Danıştay Kararı 13. Daire 2017/2135 E. 2019/3286 K. 24.10.2019 T.

Danıştay 13. Daire Başkanlığı         2017/2135 E.  ,  2019/3286 K.
T.C.
D A N I Ş T A Y
ONÜÇÜNCÜ DAİRE
Esas No:2017/2135
Karar No:2019/3286

TEMYİZ EDEN (DAVACI): … Eğitim Hizmetleri Yayın Dağıtım Ticaret ve Sanayi A.Ş.
VEKİLİ : Av. …
KARŞI TARAF (DAVALI): … Büyükşehir Belediyesi – …
VEKİLLERİ : Av. …, Av. …
İSTEMİN KONUSU : … İdare Mahkemesi’nin … tarih ve E:…, K:… sayılı kararının temyizen incelenerek bozulması istenilmektedir.
YARGILAMA SÜRECİ :
Dava konusu istem : … Büyükşehir Belediye Başkanlığı Emlak ve İstimlâk Daire Başkanlığı’nın 15/02/2017 tarih ve 288 ile 289 sayılı yazılarıyla bildirilen, … ili, … ilçesi, … Mahallesi, … ada, … ve … parsel sayılı taşınmazların satışına ilişkin olarak 2886 sayılı Devlet İhale Kanunu’nun 35. maddesi uyarınca kapalı teklif usulüyle 24/01/2017 tarihinde gerçekleştirilen ihalelerin iptaline yönelik işlemlerin iptali istenilmiştir.
İlk Derece Mahkemesi kararının özeti: … İdare Mahkemesi’nce verilen kararda; ihalelerin iptaline ilişkin işlemlerin 20/02/2017 tarihinde davacıya tebliğ edildiği, bakılan davanın 13/04/2017 tarihinde Mahkemeleri kaydına giren dilekçeyle açıldığı, bu durumda, ihalelerin iptaline ilişkin işlemlerin 20/02/2017 tarihinde tebliği üzerine, bu tarihten itibaren otuz (30) gün içinde ve en son 22/03/2017 tarihi mesai bitimine kadar dava açılması gerekmekte iken, bu süre geçirildikten çok sonra 13/04/2017 tarihinde açılan davanın süre aşımı nedeniyle esasının incelenmesinin mümkün olmadığı sonucuna varılmıştır.
Belirtilen gerekçelerle davanın süre aşımı yönünden reddine karar verilmiştir.
TEMYİZ EDENİN İDDİALARI : Davacı tarafından, davanın ivedi yargılama usulüne tâbi olmadığı, dava açma süresinin bildirim tarihinden itibaren başlatılmasının hukuka aykırı olduğu, iptali istenilen işlemin gerekçeli ve işlemin bütün unsurlarını içerir şekil ve nitelikte olması gerektiği, dava açma süresinin gerekçeli yazının bildirilmesinden sonra başlatılması gerektiği ileri sürülmektedir.
KARŞI TARAFIN SAVUNMASI : Davalı idare tarafından, 2577 sayılı İdari Yargılama Usulü Kanunu’nun 20/A maddesi uyarınca davanın süresi içinde açılmadığı, iptal edilen ihalelerden sonra gerçekleştirilen ihalelerde taşınmazların 289.000,00.-TL ve 355.000,00.-TL daha fazla bedelle satıldığı, kamu yararı amacıyla işlemlerin tesis edildiği, davacı şirketin sonradan gerçekleştirilen ihalelere de katıldığı, ihalenin iptali kararlarının usul ve yasaya uygun olarak tesis edildiği belirtilerek istemin reddi gerektiği savunulmuştur.

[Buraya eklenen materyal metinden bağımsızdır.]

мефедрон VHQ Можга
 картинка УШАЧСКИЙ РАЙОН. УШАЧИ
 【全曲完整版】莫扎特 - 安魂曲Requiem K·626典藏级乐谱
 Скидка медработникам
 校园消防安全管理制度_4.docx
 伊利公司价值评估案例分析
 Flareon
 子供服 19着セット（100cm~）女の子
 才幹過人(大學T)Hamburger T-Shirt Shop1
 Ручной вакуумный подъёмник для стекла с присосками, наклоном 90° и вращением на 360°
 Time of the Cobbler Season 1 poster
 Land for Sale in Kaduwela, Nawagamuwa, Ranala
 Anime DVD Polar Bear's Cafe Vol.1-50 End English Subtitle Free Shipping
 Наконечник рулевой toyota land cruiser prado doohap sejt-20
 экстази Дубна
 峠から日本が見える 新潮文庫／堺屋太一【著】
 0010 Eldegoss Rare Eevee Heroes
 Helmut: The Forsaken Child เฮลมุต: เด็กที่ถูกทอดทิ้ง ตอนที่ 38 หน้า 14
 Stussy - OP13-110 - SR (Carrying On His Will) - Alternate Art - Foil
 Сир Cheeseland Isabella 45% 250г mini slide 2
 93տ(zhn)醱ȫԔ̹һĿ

DANIŞTAY TETKİK HÂKİMİ …’UN DÜŞÜNCESİ : Temyiz isteminin kabulü gerektiği düşünülmektedir.

TÜRK MİLLETİ ADINA
Karar veren Danıştay Onüçüncü Dairesi’nce, Tetkik Hâkiminin açıklamaları dinlendikten ve dosyadaki belgeler incelendikten sonra gereği görüşüldü:
İNCELEME VE GEREKÇE:
MADDİ OLAY :
… Büyükşehir Belediye Başkanlığı Emlak ve İstimlâk Daire Başkanlığı’nın 15/02/2017 tarih ve 288 ile 289 sayılı yazılarıyla bildirilen, … ili, … ilçesi, … Mahallesi, … ada, … ve … parsel sayılı taşınmazların satışına ilişkin olarak 2886 sayılı Devlet İhale Kanunu’nun 35. maddesi uyarınca kapalı teklif usulüyle 24/01/2017 tarihinde gerçekleştirilen ihalelerin ita amiri tarafından onaylamadığının davacıya bildirilmesi üzerine, ihalelerin iptaline ilişkin işlemlerin iptali istemiyle bakılan dava açılmıştır.
İhalelerin ita amiri tarafından onaylanmadığının davacıya bildirilmesine ilişkin … Büyükşehir Belediye Başkanlığı Emlak ve İstimlâk Daire Başkanlığı’nın 15/02/2017 tarih ve 288 ile 289 sayılı yazılarında, davacının hangi kanun yollarına ve mercilere başvurabileceği ve dava açma süresi belirtilmemiştir.
İLGİLİ MEVZUAT:
Anayasa’nın “Anayasanın bağlayıcılığı ve üstünlüğü” başlıklı 11. maddesinde, Anayasa hükümlerinin, yasama, yürütme ve yargı organlarını, idare makamlarını ve diğer kuruluş ve kişileri bağlayan temel hukuk kuralları olduğu; “Hak arama hürriyeti” başlıklı 36. maddesinde, herkesin, meşru vasıta ve yollardan faydalanmak suretiyle yargı mercileri önünde davacı veya davalı olarak iddia ve savunma ile adil yargılanma hakkına sahip olduğu; “Temel hak ve hürriyetlerin korunması” başlıklı 40. maddesine, 03/10/2001 tarih ve 4709 sayılı Kanun’un 16. maddesiyle eklenen 2. fıkrasında, Devletin, işlemlerinde, ilgili kişilerin hangi kanun yolları ve mercilere başvuracağını ve sürelerini belirtmek zorunda olduğu; “Yargı yolu” başlıklı 125. maddesinin üçüncü fıkrasında ise, idarî işlemlere karşı açılacak davalarda sürenin, yazılı bildirim tarihinden başlayacağı kurala bağlanmıştır.
HUKUKİ DEĞERLENDİRME:
Anayasa’nın 40. maddesine eklenen 2. fıkranın gerekçesinde, bu değişikliğin, bireylerin yargı ya da idarî makamlar önünde sonuna kadar haklarını arayabilmelerine kolaylık ve imkân sağlanması amacıyla ve son derece dağınık mevzuat karşısında kanun yolu, mercii ve sürelerin belirtilmesinin hak arama, hak ve hürriyetlerin korunması açısından zorunluluk hâline gelmesi nedeniyle yapıldığına değinilmiştir.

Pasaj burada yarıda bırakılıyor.